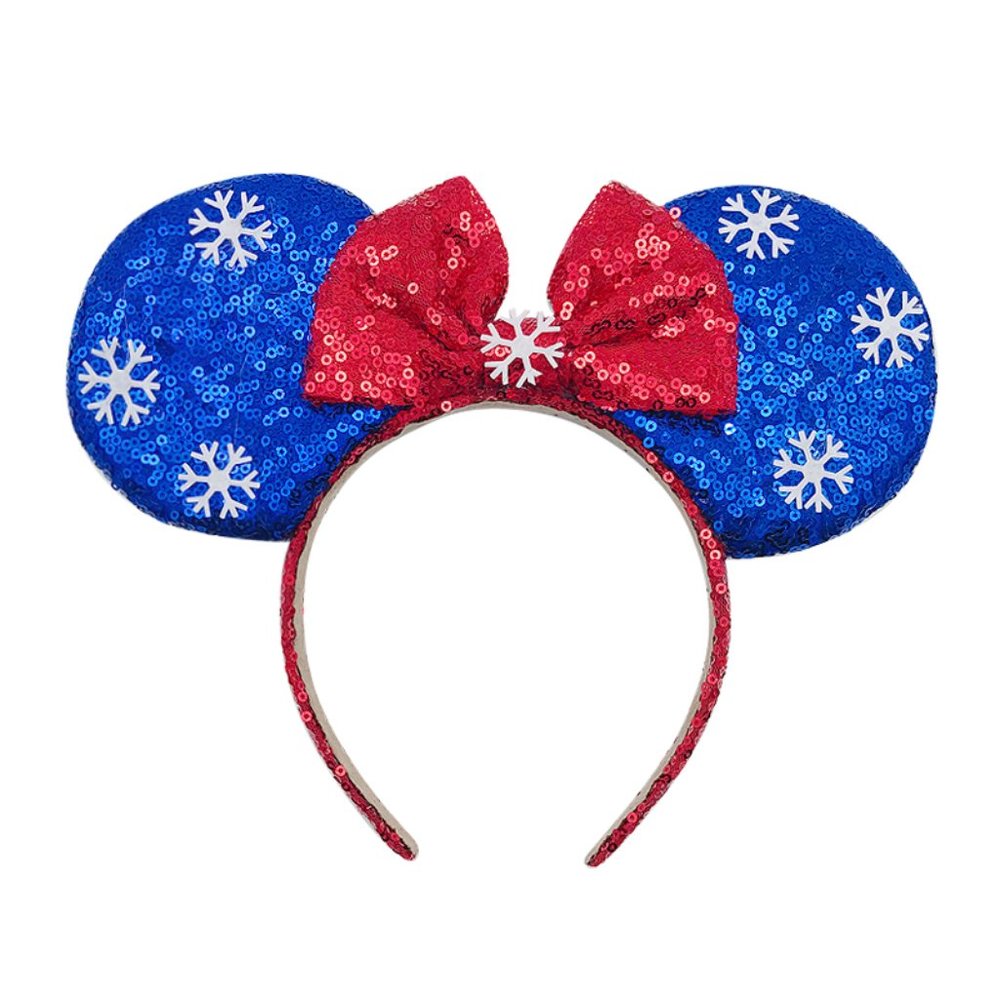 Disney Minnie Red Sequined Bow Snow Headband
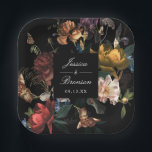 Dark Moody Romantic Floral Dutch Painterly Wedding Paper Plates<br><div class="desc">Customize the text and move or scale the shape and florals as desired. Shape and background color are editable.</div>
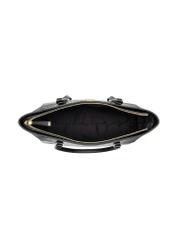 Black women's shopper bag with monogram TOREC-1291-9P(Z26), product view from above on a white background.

→ **Your objective**:
Only these lines belong in the answer: the first line of the listing above through the line holding "Dark Moody Romantic", printed exactly and without pictures.

→ **Your solution**:
 Disney Minnie Red Sequined Bow Snow Headband
 Dark Moody Romantic Floral Dutch Painterly Wedding Paper Plates<br><div class="desc">Customize the text and move or scale the shape and florals as desired. Shape and background color are editable.</div>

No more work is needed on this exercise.